On January 18, the Capitol complex, where a dress rehearsal for the ceremony was due to take place, was evacuated due to a fire at a homeless encampment outside in the 100 block of H Street SE, to which D.C. Fire and EMS responded. A public address system alerted people on the Capitol grounds, and members of Congress were advised to shelter-in-place via email. A military band and individuals standing in as participants in the inaugural ceremony were forced to evacuate the inaugural platform. The small fire was promptly extinguished and caused one non-life-threatening injury. The blaze produced a cloud of smoke that was visible over the Capitol.

== Inauguration Day and aftermath ==
There were no sightings of pro-Trump crowds at Biden's inauguration, which was reported as being "quiet and calm". The U.S. Supreme Court received a bomb threat, which caused the building to be cleared and investigated.

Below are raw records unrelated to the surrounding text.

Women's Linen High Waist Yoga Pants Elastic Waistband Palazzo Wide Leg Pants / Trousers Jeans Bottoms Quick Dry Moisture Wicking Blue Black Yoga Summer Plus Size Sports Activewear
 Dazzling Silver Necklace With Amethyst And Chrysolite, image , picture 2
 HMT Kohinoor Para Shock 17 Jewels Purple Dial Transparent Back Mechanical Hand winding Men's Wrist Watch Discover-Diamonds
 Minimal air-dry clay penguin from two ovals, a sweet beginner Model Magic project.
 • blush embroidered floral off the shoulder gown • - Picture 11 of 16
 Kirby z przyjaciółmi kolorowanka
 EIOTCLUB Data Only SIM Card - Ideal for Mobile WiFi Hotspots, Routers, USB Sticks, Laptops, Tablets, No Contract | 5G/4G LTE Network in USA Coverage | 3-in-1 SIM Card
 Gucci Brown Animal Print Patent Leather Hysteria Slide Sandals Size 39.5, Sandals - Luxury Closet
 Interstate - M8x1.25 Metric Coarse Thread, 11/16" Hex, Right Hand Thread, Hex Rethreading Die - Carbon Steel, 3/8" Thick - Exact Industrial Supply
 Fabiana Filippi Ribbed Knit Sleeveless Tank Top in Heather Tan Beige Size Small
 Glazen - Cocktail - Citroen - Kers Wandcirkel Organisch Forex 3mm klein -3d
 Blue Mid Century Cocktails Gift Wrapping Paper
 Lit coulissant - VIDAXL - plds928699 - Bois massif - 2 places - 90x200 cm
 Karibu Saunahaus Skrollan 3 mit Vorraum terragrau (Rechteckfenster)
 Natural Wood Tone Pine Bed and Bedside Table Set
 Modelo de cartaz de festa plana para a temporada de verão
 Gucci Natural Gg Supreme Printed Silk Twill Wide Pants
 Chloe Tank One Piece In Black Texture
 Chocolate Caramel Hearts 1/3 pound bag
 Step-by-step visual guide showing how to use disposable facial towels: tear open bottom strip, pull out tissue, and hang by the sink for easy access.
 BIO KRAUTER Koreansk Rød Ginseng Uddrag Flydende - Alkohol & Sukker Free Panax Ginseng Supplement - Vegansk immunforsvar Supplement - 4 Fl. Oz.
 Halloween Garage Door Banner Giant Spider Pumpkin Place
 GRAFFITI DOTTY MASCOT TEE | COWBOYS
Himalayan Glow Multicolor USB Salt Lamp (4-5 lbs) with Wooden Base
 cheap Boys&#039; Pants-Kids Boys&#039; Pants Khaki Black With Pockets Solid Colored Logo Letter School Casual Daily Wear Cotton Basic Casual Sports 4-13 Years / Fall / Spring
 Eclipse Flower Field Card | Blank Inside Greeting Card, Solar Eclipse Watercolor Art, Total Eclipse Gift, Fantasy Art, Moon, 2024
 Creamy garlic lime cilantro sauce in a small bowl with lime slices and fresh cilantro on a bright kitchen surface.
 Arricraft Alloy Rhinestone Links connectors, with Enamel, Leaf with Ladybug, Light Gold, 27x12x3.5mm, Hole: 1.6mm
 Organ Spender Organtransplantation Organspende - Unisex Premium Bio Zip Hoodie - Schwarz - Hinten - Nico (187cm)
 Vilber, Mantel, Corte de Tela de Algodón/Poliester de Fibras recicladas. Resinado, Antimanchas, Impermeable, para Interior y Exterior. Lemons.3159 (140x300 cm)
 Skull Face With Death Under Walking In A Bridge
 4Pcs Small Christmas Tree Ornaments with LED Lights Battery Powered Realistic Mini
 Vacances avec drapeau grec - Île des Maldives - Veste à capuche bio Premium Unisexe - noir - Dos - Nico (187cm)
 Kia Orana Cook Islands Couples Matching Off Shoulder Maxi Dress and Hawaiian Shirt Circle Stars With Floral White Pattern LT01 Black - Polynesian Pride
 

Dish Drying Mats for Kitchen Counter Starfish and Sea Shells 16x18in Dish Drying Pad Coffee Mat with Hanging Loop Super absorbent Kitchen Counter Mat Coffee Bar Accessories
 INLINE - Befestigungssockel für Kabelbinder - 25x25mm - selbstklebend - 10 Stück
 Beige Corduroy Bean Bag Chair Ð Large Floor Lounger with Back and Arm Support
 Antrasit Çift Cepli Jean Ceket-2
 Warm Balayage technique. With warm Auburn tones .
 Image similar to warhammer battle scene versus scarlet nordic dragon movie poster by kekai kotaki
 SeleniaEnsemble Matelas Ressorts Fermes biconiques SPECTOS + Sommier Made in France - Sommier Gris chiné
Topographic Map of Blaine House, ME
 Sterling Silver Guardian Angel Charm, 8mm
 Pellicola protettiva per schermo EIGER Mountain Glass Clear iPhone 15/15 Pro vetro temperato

=== Removal of the fencing ===
The network of various barriers and fencing in the streets was subsequently removed. However, the 7 foot riot fence on the Capitol grounds was slated to remain in place for at least 30 days. Acting U.S. Capitol Police chief Yogananda Pittman said that permanent fencing was needed around the U.S. Capitol. This idea was controversial, and DC Mayor Muriel Bowser and some politicians in both parties objected. Dissatisfaction was expressed with the perception of the Capitol as not "open to the people". The fence and tight security around the U.S. Capitol building caused problems for the government of the District of Columbia, who had trouble gaining entry to hand deliver their city bills to the U.S. Congress for approval. Aspects of prolonged heightening of security have been characterized as security theater, by individual lawmakers and observers. In July, it was announced that the riot fence is scheduled for rapid dismantling, with improved security conditions cited as a reason.

However, in September, the fence was reinstalled as part of the preparations for the Justice for J6 rally.

=== National Guard departures ===
In the early afternoon of January 21, the Capitol Police ordered all 3,500 members of the National Guard stationed in the Capitol and congressional office buildings to relocate to the Thurgood Marshall Federal Judiciary Building parking garage due to increased indoor foot traffic in hallways and open spaces as Congress reconvened. The garage was lit and heated but lacked sufficient amenities for the thousands told to occupy the space. The move was widely criticized by members of Congress and later reversed. Yogananda Pittman, acting chief of the Capitol Police, shortened the troops' shifts so to reduce the need for sleeping accommodations within the Capitol.

After the inauguration, the National Guard began to wind-down operations, checking-in equipment, arranging travel plans, and testing for COVID-19. Most troops returned home within the following week, but approximately 7,000 remained through the end of the month to continue securing the city. 5,000 members who patrolled the Capitol remained active until late March following concerns that unrest may arise during the second impeachment trial of Donald Trump, which began and concluded in February, and around Biden's first State of the Union address to a joint session of Congress. This number was reduced to 2,200 by the end of March, and the National Guard security mission at the U.S. Capitol concluded on May 23.